If there wasn’t an opportunity to change, then I guess I’d rather be overdressed (but covered up with a shawl, bolero or similar) at the church than underdressed at the reception.
Post # 19
- Wedding: April 2013 - Rhode Island
@Shkragoldfish: I guess I misinterpreted your tone. I can be overly touchy. I’m sorry.
Post # 20
regarding the ask the bride/groom suggestions a cpl of PPs made – I was more curious (and many have been helpfully answering) about what bees do when the dress code is known- just the typical US semi-formal wedding. For US semi-formal, there’s a huge variety of what’s okay to wear during daytime and nighttime- it’s a judgment call every female guest makes- it’s interesting to see what ppl’s opinions and strategies on it are. also good to know that it’s not clearly-accepted rule that every guest’s shoulders have to be covered during a church ceremony
I see that bees have different opinions on this, but I’m not sure that whether a guest changes clothes or wears something more nighttime or more daytime is something I’d bother the bride with (especially if not close to her) or that she’d even have an opinion on or want to decide.
@Christy42213: no apology needed at all. I also think it’s kinda cool that your dress code was black tie preferred. I feel like that’d give me the push I needed to feel comfortable wearing the more typical “nighttime” look during the day, in church. so few ppl I know have black tie events & having an excuse to wear the one formal dress I own more often would be great.

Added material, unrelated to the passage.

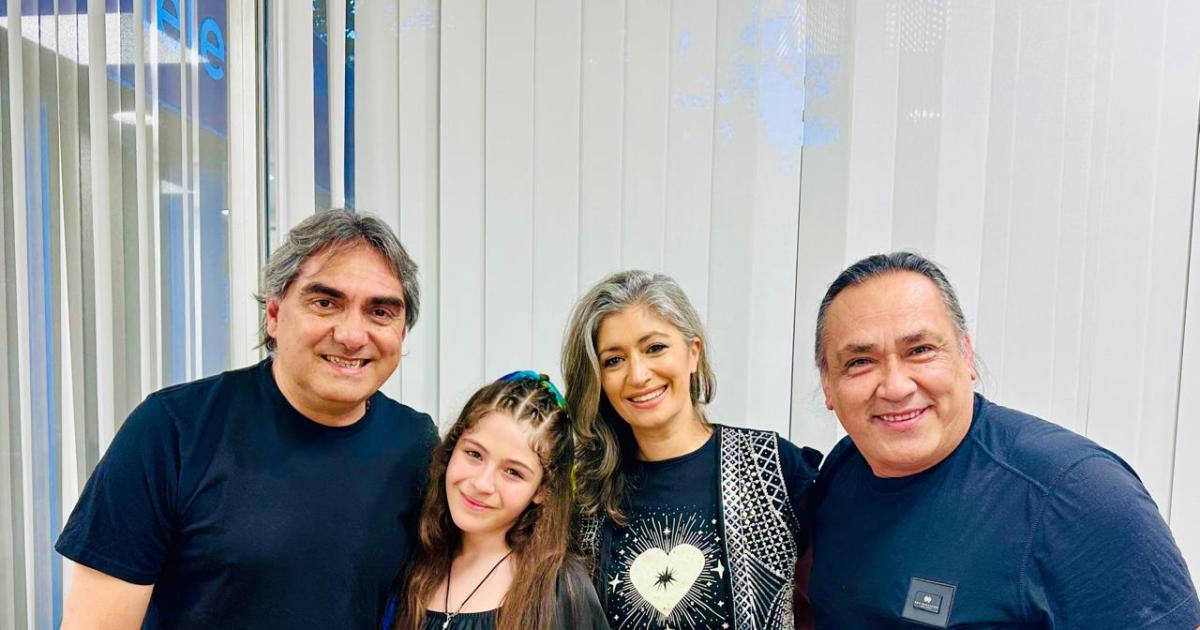 Naymeacute Suyai la friense que se abre camino en el mundo de la muacutesica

I’m also toying with the idea of dyeing my wedding dress, so I’d need more black tie events to wear that at afterward too.
Post # 20
I always thought it was still safe to wear short sleeve or sleeveless dress (not strapless!), hemline a bit above the knee and neckline with minimal cleavage…. its hard to wear a full length gown and cover up with the scorching summer days in Australia.
I have a black tie wedding to go to with a church wedding in the morning and then a fancy function at night, so I plan to stick to the same dress. I’ll only change if something gets spilt on it or it gets dirty in the day.

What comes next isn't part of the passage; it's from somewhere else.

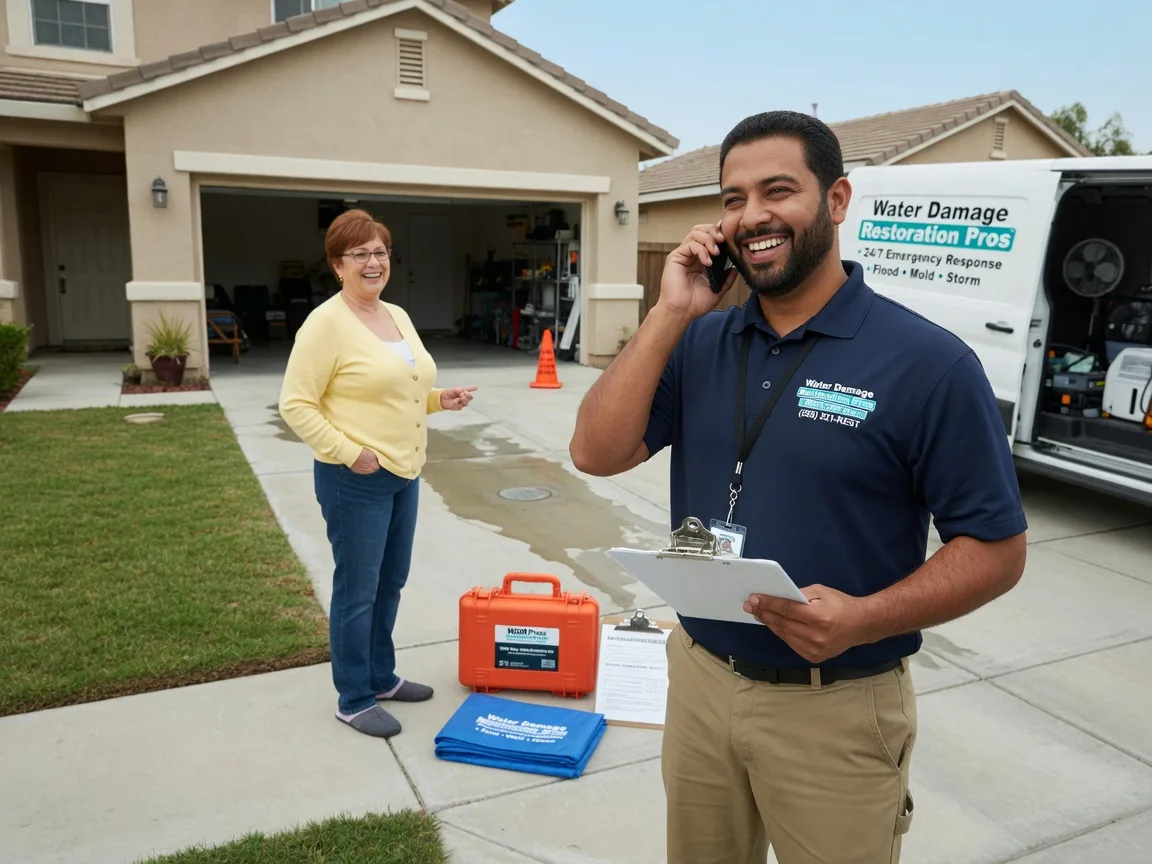 Water Damage Restoration Ridgeville, SC FAQs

Regardless if it says black tie or not, I’ve seen girls at church weddings wear dresses from short sleeve tight fitting, strapless short, strapless long, maxi and just normal short sleeve. No matter what, there will always be that 1 person who will wear something different to everybody else..
Post # 21
According to etiquette you can certainly wear a knee-length cocktail dress to a black tie event. However, the fabric and style should differ from a daytime dress. Elaborate beading, very formal fabrics (silk satin, brocade, velvet) are not suitable for a morning or early afternoon event as they are clearly evening fabrics.

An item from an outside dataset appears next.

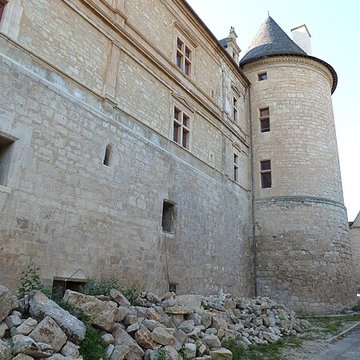 Château de Bournazel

I always change for formal weddings that have a morning or early afternoon ceremony and a dinner component. I only attended one wedding in my entire life that was what I would consider truly informal (linen suits for men and light summer dresses for women) where nobody changed clothes as the sun set, everything else involved hats, skirt suits, dresses and morning dress for the gentlemen, and long frocks and dinner jackets in the evening.
Post # 22
- Wedding: May 2015 - Walnut Hill Bed & Breakfast
I usually wear a cardigan to the church with my dress. Most weddings start in the afternoon and are more summery-casual so I usually go for a sundress type dress. But I live in southwest pa where as long as you’re not wearing jeans or workout gear, you’re considered ‘dressed up’.
Post # 23
I’ve been to several weddings that had daytime ceremonies and then evening receptions. At all but 2 of them I changed into a different outfit for the reception. The two that I didn’t change for, were more casual type of receptions. One was at a restaurant on the beach and the other was at a casualish restaurant/venue so the outfit I wore to the ceremony was fine.
I usually wear something lighter colored or brighter colors- with little to no accessories and lighter makeup- basically wear what you would wear to church or expect people to wear to church.
At the reception depending on where it is/dress code that is expected, I would wear either a cocktail dress or a gown. Both options would be more formal and more appropriate for an evening event, than what I would wear to the ceremony.